• [Directions]: Every line of the data below must be output exactly, with images left out.

• [Data provided]:
········

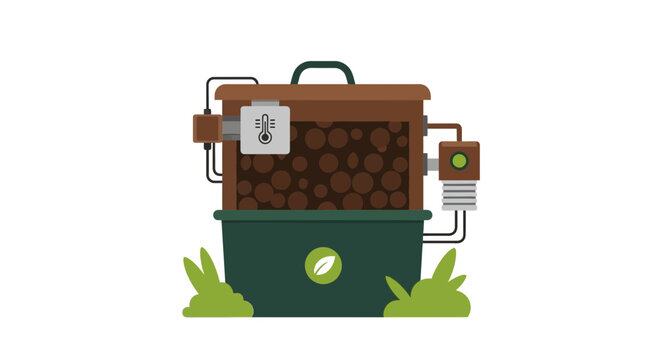 Smart Compost Bin Illustration for Sustainable Food Waste Recycling and Urban Gardening - Eco-Friendly Technology Concept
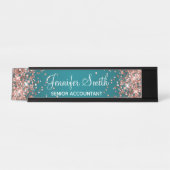 Rose Gold Glitzer Dunkeltürkis Gradient Schreibtischnamensplakette (Vorderseite )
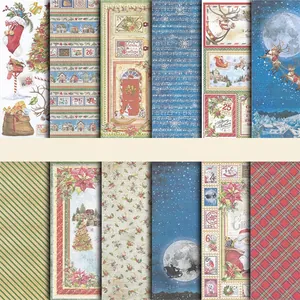Set of 12 vintage Christmas pattern paper sheets 6x6 inch for scrapbooking and DIY crafts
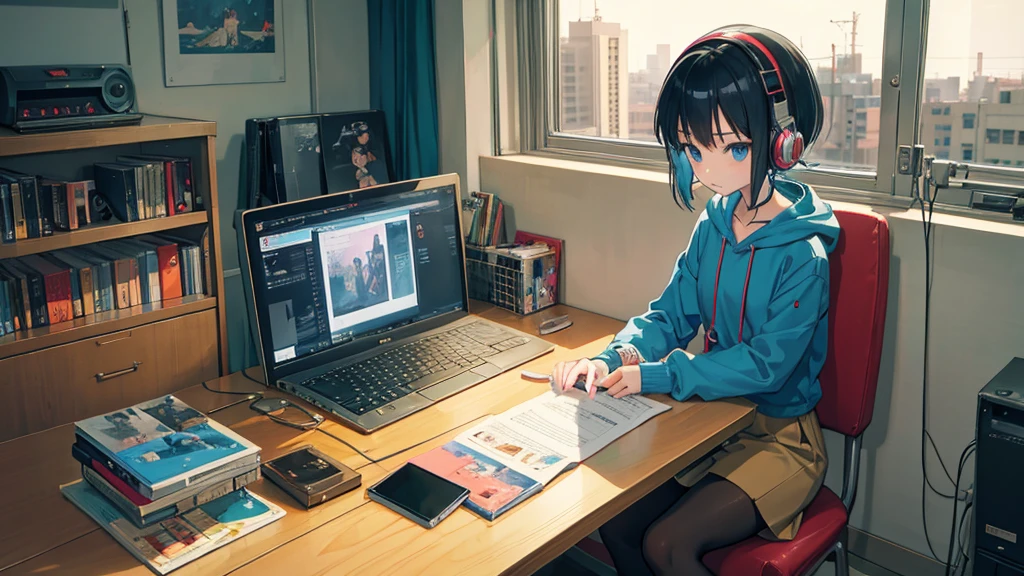 anime character sitting at a desk with a laptop and headphones, lofi artstyle, lofi, lofi hip hop, lofi girl, lofi art, satoshi kon anime, satoshi kon artstyle, inspired by Satoshi Kon, chillhop, satoshi - kon, lofi album art, studio ghibli composition, style of satoshi kon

········

• [Response below]:
 Smart Compost Bin Illustration for Sustainable Food Waste Recycling and Urban Gardening - Eco-Friendly Technology Concept
 Rose Gold Glitzer Dunkeltürkis Gradient Schreibtischnamensplakette (Vorderseite )
Set of 12 vintage Christmas pattern paper sheets 6x6 inch for scrapbooking and DIY crafts
 anime character sitting at a desk with a laptop and headphones, lofi artstyle, lofi, lofi hip hop, lofi girl, lofi art, satoshi kon anime, satoshi kon artstyle, inspired by Satoshi Kon, chillhop, satoshi - kon, lofi album art, studio ghibli composition, style of satoshi kon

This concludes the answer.